Ethical Issues of Death & Dying
Although ethics is concerned with the difference between right and wrong, what is right and what is wrong when it comes to issues of death and dying vary widely from culture to culture, religion to religion, and even individual to individual. There are three general sets of ethical issues that need to be faced when considering matters of death and dying: Defining life and the cessation thereof; determining the quality of life that the individual experiences, and; deciding how the body should be treated after death. For many people, the parameters of ethical behavior are defined by their religious beliefs. No matter how decisions of death are dying are informed, however, such questions are best faced when the individual is still mentally sound and able to communicate his/her wishes. This ensures that the wishes of the individual are fulfilled upon death and makes it easier for the family to make decisions and prepare for the loss of their loved one.
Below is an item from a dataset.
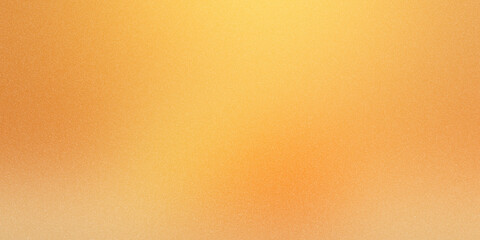 Orange gradient background with spotlight shine on center and vignette border. Presentation website template.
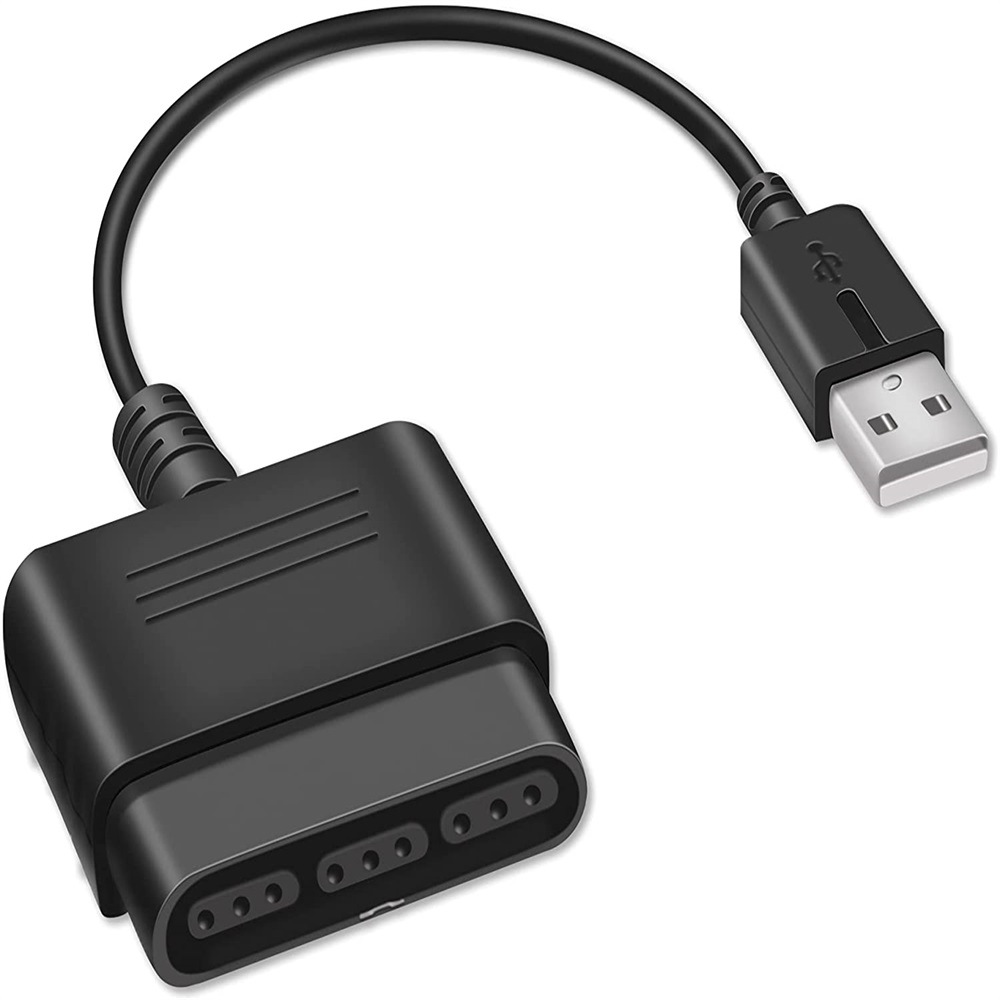 P2 to P3 Converter USB TO PS3/PC Controller Adapter P2 Game Controller Converter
Keywords Advance Directive; Culture; Dementia; Do Not Resuscitate Order; Ethics; Euthanasia; Extraordinary Measures; Heroic Measures; Living Will; Medical Device; Palliative Care; Quality of Life; Religion
Ethical Issues of Death
The approach of death is a difficult time as people struggle to resolve interpersonal issues before it is too late, put financial affairs in order, and make decisions about medical care. The person who is dying may also be attempting to come to terms with his/her death and the loved ones left behind may begin to realize that they are faced with the loss of their dying family member, friend or partner. In some cases, this realization is met with denial, and the family attempts to do everything in its power to prolong the life of the individual so that they do not have to face the loss. In other cases, either the terminal person or loved one may be overcome by despair, particularly if the patient is facing a lingering, painful death with no hope of relief. In still other cases, the family may be faced with the fact that their loved one is no longer able to communicate either because of dementia, coma, or other incapacitating illness, and will have a quality of life that is dismal at best. Despite the fact that neither the dying person nor their loved ones may be emotionally capable of making a rational decision at this time, important decisions still need to be made.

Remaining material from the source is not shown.